*REQUIRED ACTION*
Though the records contain pictures, copy none of them; repeat exactly the lines from the one with "Kerri Jerome: Blue" to the end.

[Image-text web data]
⁂
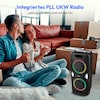MEDION® LIFE® PE-1 Pure Partylautsprecher, PLL-UKW Radio, Bluetooth® 5.4, satter Sound, verschiedene Lichteffekte, X-Bass Bassanhebung, inkl. Mikrofon, 2 x 25 W RMS Ausgangsleistung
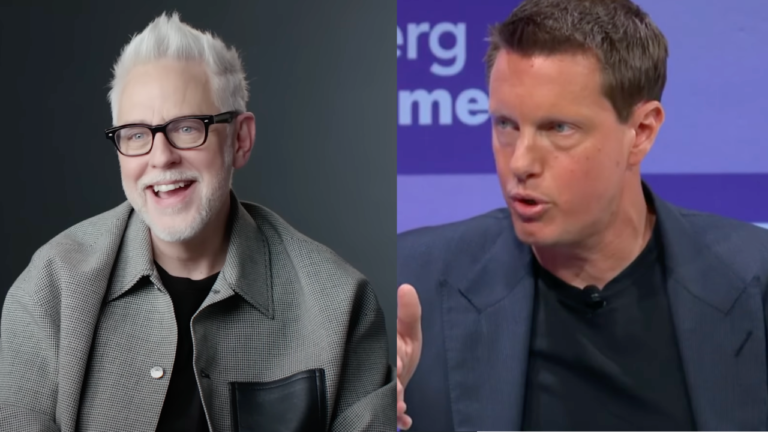 James Gunn e David Ellison lado a lado, em montagem sobre o futuro da DC Studios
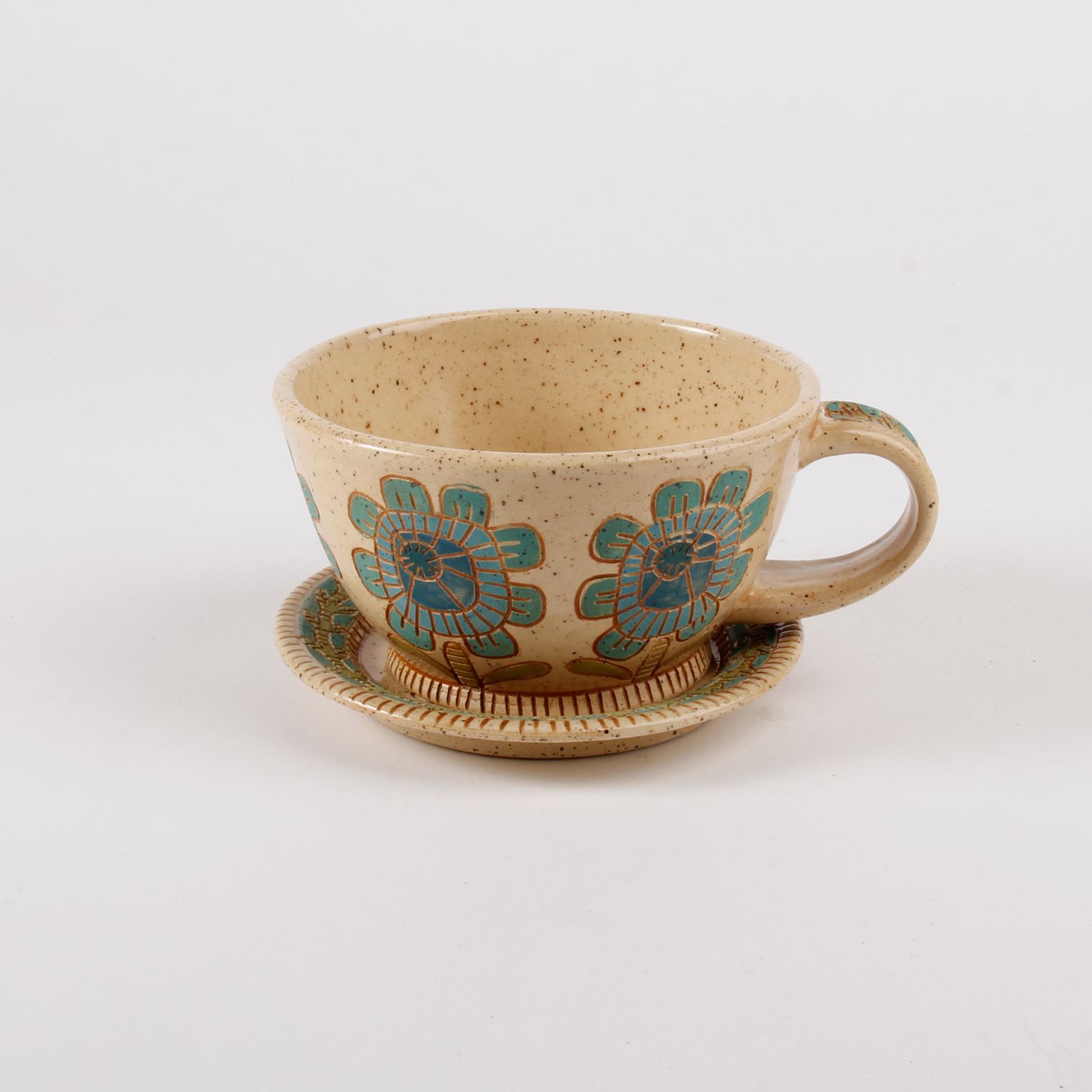 Kerri Jerome: Blue Floral Teacup and Saucer Product Image 1 of 5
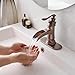 Homevacious Bathroom Faucet Copper Waterfall Bathroom Sink Faucets with Single Handle Rustic Vanity Farmhouse RV Faucet Suitable for 1 or 3 Holes with Pop-up Drain Deck Plate Hose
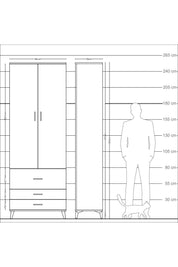Arges Dolap 4 Raflı 3 Çekmeceli 2 Kapaklı 88x30x243 - S33M037V2A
⁂
*ANSWER BOX*
 Kerri Jerome: Blue Floral Teacup and Saucer Product Image 1 of 5
 Homevacious Bathroom Faucet Copper Waterfall Bathroom Sink Faucets with Single Handle Rustic Vanity Farmhouse RV Faucet Suitable for 1 or 3 Holes with Pop-up Drain Deck Plate Hose
Arges Dolap 4 Raflı 3 Çekmeceli 2 Kapaklı 88x30x243 - S33M037V2A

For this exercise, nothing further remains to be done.